A while back, I read an article about a young woman who ate a beef patty her mother prepared resulting in  the destruction of her health!  She is now very limited in what she can accomplish in the future unless there is a miraculous recovery.  She was very active, now she can barely walk.  Her entire life has been changed, a different future now faces her, one she certainly would not have chosen.

 

Why did this happen you ask?

 

To save production expenses.

 

There is such a thing as going too far in curbing expenses.

 

The meat in the beef patty was a mixture of beef coming from all over the world.  Below are some excerpts from an article in the New York Times:

 

Ground beef is usually not simply a chunk of meat run through a grinder. Instead, records and interviews show, a single portion of hamburger meat is often an amalgam of various grades of meat from different parts of cows and even from different slaughterhouses. These cuts of meat are particularly vulnerable to E. coli contamination, food experts and officials say. Despite this, there is no federal requirement for grinders to test their ingredients for the pathogen.

 

The frozen hamburgers that the Smiths ate, which were made by the food giant Cargill, were labeled “American Chef’s Selection Angus Beef Patties.” Yet confidential grinding logs and other Cargill records show that the hamburgers were made from a mix of slaughterhouse trimmings and a mash-like product derived from scraps that were ground together at a plant in Wisconsin. The ingredients came from slaughterhouses in Nebraska, Texas and Uruguay, and from a South Dakota company that processes fatty trimmings and treats them with ammonia to kill bacteria.

 

Using a combination of sources — a practice followed by most large producers of fresh and packaged hamburger — allowed Cargill to spend about 25 percent less than it would have for cuts of whole meat.

 

“Ground beef is not a completely safe product,” said Dr. Jeffrey Bender, a food safety expert at the University of Minnesota

 

In the weeks before Ms. Smith’s patty was made, federal inspectors had repeatedly found that Cargill was violating its own safety procedures in handling ground beef, but they imposed no fines or sanctions, records show. After the outbreak, the department threatened to withhold the seal of approval that declares “U.S. Inspected and Passed by the Department of Agriculture.”

 

………..audits of Uruguay’s meat operations conducted by the U.S.D.A. have found sanitation problems, including improper testing for the pathogen.

 

The above excerpts cover only a small part of what the article reveals about meat production.  Please read the full article here:

 

http://www.nytimes.com/2009/10/04/health/04meat.html

 

If you read it, you will have great reservations about eating ANY ground beef at this time.

 

It is very disturbing that the agencies responsible for the protection of the public from the cost cutting insanity performed by the food industry is allowed to happen.  Practically without repercussions.

 

The last paragraph from the article:

 

For Ms.
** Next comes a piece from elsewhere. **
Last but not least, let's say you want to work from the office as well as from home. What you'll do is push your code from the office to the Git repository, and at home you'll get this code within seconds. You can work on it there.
Smith, the road ahead is challenging. She is living at her mother’s home in Cold Spring, Minn. She spends a lot of her time in physical therapy, which is being paid for by Cargill in anticipation of a legal claim, according to Mr. Marler. Her kidneys are at high risk of failure. She is struggling to regain some basic life skills and deal with the anger that sometimes envelops her. Despite her determination, doctors say, she will most likely never walk again.

 

What can be done?  What should be done?  Why aren’t those responsible in jail?